In the last decade, Gauthier, now 51, has become famous and rich as an organiser of class action suits. He won several big cases, including claims from two particularly terrible hotel fires, one in Puerto Rico and another in Las Vegas. Most recently, he was one of 17 lawyers who won a massive award of $4.25 billion for women who suffered injuries from silicone breast implants.
Gauthier is a gambling man with a share in New Orleans' new casino. He liked the idea of suing the tobacco establishment, but declined. He knew that the companies were so rich and powerful that law firms who sued not only lost but sometimes went broke inthe process.
Earlier this year, a string of revelations about the inner workings of the tobacco companies changed his mind. The industry came under unprecedented fire from the government and Congress, and key industry documents were made public for the first time.
In February David Kessler,the head of the Food and Drug Administration - whose job it is to protect the American public from dangerous products - told Congress that he had "mounting evidence" of the addictive nature of nicotine and that "cigarette vendors control the levels of nicotine to satisfy this addiction". He declared his intention to put nicotine on the list of drugs that should be regulated by the government.
A few days later, in a documentary programme, ABC television said it had evidence that the tobacco companies manipulate nicotine levels in cigarettes, a charge that brought an immediate $10 billion defamation suit from Philip Morris.
Then came the most embarrassing disclosure: the leak to US newspapers of thousands of pages of internal memoranda from Brown & Williamson. One of the memos, from 1963, was written by the company's then general-counsel Addison Yeaman: "We are, then, in t he business of selling nicotine, an addictive drug effective in the release of stress mechanisms," he said.
Other documents pointed to the tobacco company's knowledge of the addictive properties of nicotine, and to an elaborate effort to keep company research on the harmful effects of smoking from the public.
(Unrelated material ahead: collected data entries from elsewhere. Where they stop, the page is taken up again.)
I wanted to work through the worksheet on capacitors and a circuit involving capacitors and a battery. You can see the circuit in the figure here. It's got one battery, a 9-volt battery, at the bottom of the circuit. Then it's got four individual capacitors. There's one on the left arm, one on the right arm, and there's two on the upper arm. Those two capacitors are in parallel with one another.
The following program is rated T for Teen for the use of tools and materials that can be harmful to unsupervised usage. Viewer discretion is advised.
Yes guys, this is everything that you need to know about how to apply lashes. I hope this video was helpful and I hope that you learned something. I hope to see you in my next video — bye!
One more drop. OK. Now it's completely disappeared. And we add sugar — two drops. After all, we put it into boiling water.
The company claimed that the papers had been stolenby a failed 50-year-old playwright, Merrell Williams, who had been employed as a documents clerk in the offices of Brown & Williamson's lawyers in Louisville, Kentucky. However, the company has never questioned the authenticity of the documents.
Gauthier decided to take the Castano case, but instead of a single suit on behalf of his dead friend, he broadened it into a class action. He named three other smokers in New Orleans who had tried unsuccessfully to give up and who could act as examples of the "class" that might eventually contain millions of other Americans. Gauthier soon had several of the biggest names in mass tort law on his side.
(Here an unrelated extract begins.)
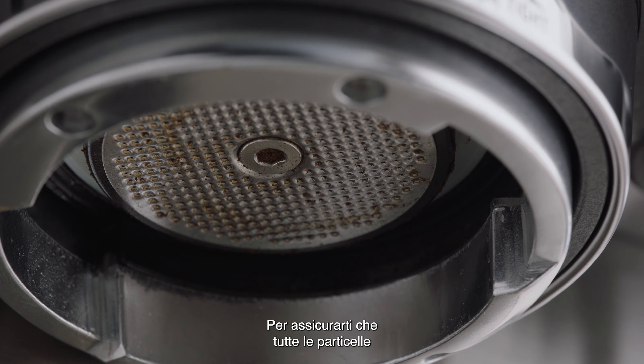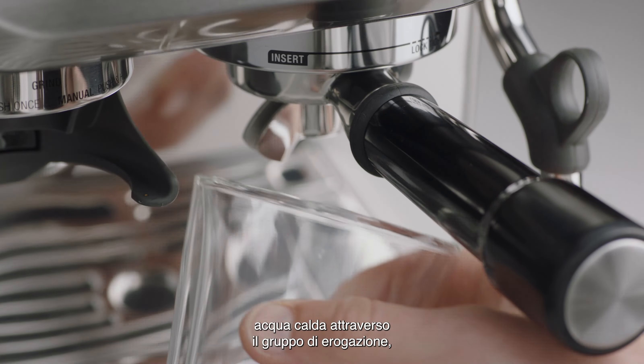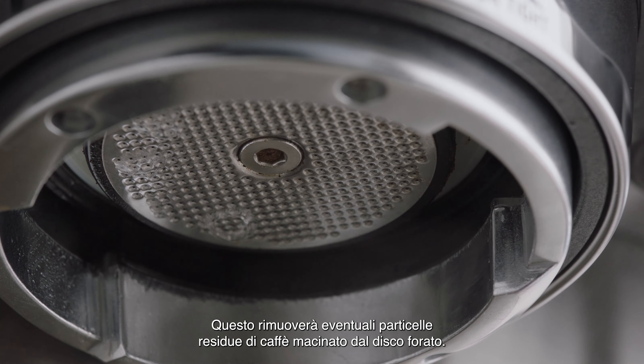To make sure all residual ground coffee particles are removed from the shower screen, periodically run hot water through the group head with the filter basket and portafilter in place, but without ground coffee. This will remove any residual ground coffee particles from the shower screen.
One of the first was Melvin Belli of San Francisco, who launched America's first smoking liability case against the tobacco companies in New Orleans nearly 40 years ago. He lost the case but went on to make a fortune in other industry damage suits. Now aged 80 and not in good health, Belli's presence on the team symbolises its legal and economic power.
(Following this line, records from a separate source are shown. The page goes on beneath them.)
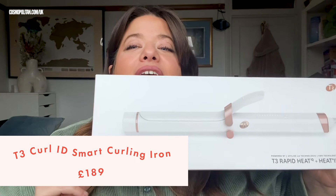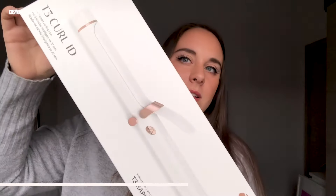This week we are testing the T3 Curl ID, which looks like this, and apparently it's a smart curling iron. The cool thing about this is that it has a smart ID function that literally customizes the heat to your hair. You input your unique hair profile based on hair texture, color and chemical treatments for optimized heat and smooth shiny curls that last.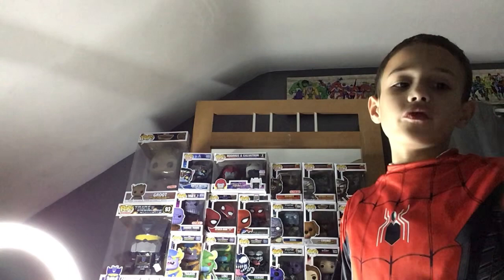What's up everybody, Gary here. For today's video I'm gonna be reviewing the Spider-Man 2099 Funko Pop video game edition. And you can see I am wearing a Spider-Man costume for this video.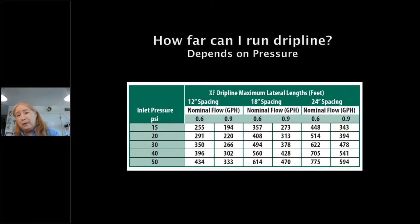This drip line lateral length chart shows how far you can run tubing by emitter spacing and pressure. At 15 PSI with 0.6 GPH and 12-inch spacing, you can go 255 feet; at 0.9 GPH you can go 94 feet. With 18-inch and 24-inch spacing, you can go longer. At 50 PSI — available from your main line at 60 PSI — you can go even further. This is very important to work out with measurements before you install.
Another member of the group is Stanley Chesley of Cincinnati, who looks uncannily like Perry Mason. He has been dubbed the "Master of Disaster" for his string of huge wins, including those for the victims of Agent Orange in Vietnam and the Union Carbide gas explosion in Bhopal, a case in which another member of Gauthier's group, John Coale, of Washington DC, was involved. A total of 58 law firms is now involved, with more waiting to join. Each firm has pledged $100,000, a total of $6 million a year, forexpenses.
Once Judge Jones issues his ruling, the costs will rise as the lawyers probe deeper into the tobacco industry's files. The judge, who will also try the case, has asked the Gauthier group for a battle plan which they must produce by today.
Of this request Gauthier said: "I think he's saying, `Before you give me this elephant, tell me how to ride it'."